Fricção quântica. No grafeno, a água consegue “falar” com os eletrões

(dr) carbyneventures.com

Os resultados desta nova investigação podem motivar futuras aplicações em processos de purificação e dessalinização de água e até a computadores à base de líquidos.

Ao contrário de um sólido, que é constituído por átomos organizados numa nuvem de eletrões, a água é constituída por pequenas moléculas que se movem aleatoriamente e colidem constantemente umas com as outras.

No âmbito da Física, os mundos sólido e líquido interagem apenas através de colisões das moléculas do líquido com os átomos do sólido. No entanto, há pouco mais de um ano, um estudo teórico alterou este paradigma, sugerindo que, na interface água-carbono, as moléculas do líquido e os eletrões do sólido se empurram e puxam mutuamente, abrandando o fluxo do líquido.

Este efeito, denominado de “fricção quântica“, não passava da teoria. Até agora.

Um novo estudo – realizado por cientistas do Instituto Max Plank para a Investigação de Polímeros de Mainz (Alemanha), do Instituto Catalão de Nanociência e Nanotecnologia (Espanha) e da Universidade de Manchester (Reino Unido) –, concluiu que a água pode mesmo interagir diretamente com os eletrões do carbono: um fenómeno quântico muito invulgar na dinâmica dos fluidos.

Fricção quântica em ação

A equipa analisou uma amostra de grafeno, uma monocamada de átomos de carbono dispostos em forma de favo de mel, e utilizou impulsos ultracurtos de laser vermelho (com uma duração de apenas um milionésimo de bilionésimo de segundo) para aquecer instantaneamente a nuvem de eletrões do material.

Depois, monitorizou o seu arrefecimento com impulsos de laser terahertz, que são sensíveis à temperatura dos eletrões do grafeno.

Para sua surpresa, a nuvem de eletrões arrefeceu mais rapidamente quando o grafeno foi imerso em água, enquanto que a imersão do grafeno em etanol não fez qualquer diferença na taxa de arrefecimento.

“Isto foi mais uma indicação de que o par água-carbono é de alguma forma especial, mas ainda tínhamos de perceber o que se passava exatamente”, explicou Nikita Kavokine, do Instituto Max Planck, citada pelo SciTechDaily.

Uma das explicações plausíveis é que os eletrões quentes empurram e puxam as moléculas de água para libertarem parte do seu calor.

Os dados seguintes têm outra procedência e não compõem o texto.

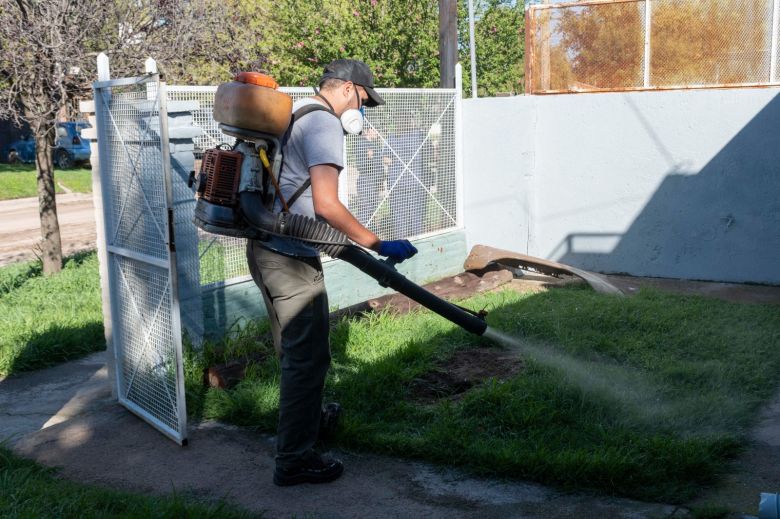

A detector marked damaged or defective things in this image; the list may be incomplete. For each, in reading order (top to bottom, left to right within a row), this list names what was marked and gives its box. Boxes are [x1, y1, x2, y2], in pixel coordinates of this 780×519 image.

No fundo, arrefecem por fricção quântica.

Acreditando no potencial desta teoria, os cientistas aprofundaram-na e concluíram que a fricção quântica entre a água e o grafeno pode mesmo explicar os mais recentes dados experimentais.

O que torna a água especial, neste caso, é o facto de as suas vibrações (hidrões) estarem em sincronia com as vibrações dos eletrões do grafeno (plasmões), fazendo com que a transferência de calor grafeno-água seja reforçada através de um efeito conhecido como ressonância.

As experiências confirmam assim o mecanismo básico da fricção quântica sólido-líquido, um avanço que poderá ter implicações nos processos de filtração e dessalinização, nos quais a fricção quântica poderá ser utilizada para ajustar as propriedades de permeação das membranas nanoporosas.

“O nosso sonho é ligar e desligar a fricção quântica”, completou Kavokine. “Desta forma, poderíamos conceber processos de filtragem de água mais inteligentes e até computadores à base de fluidos.”

O artigo científico foi recentemente publicado na Nature Nanotechnology.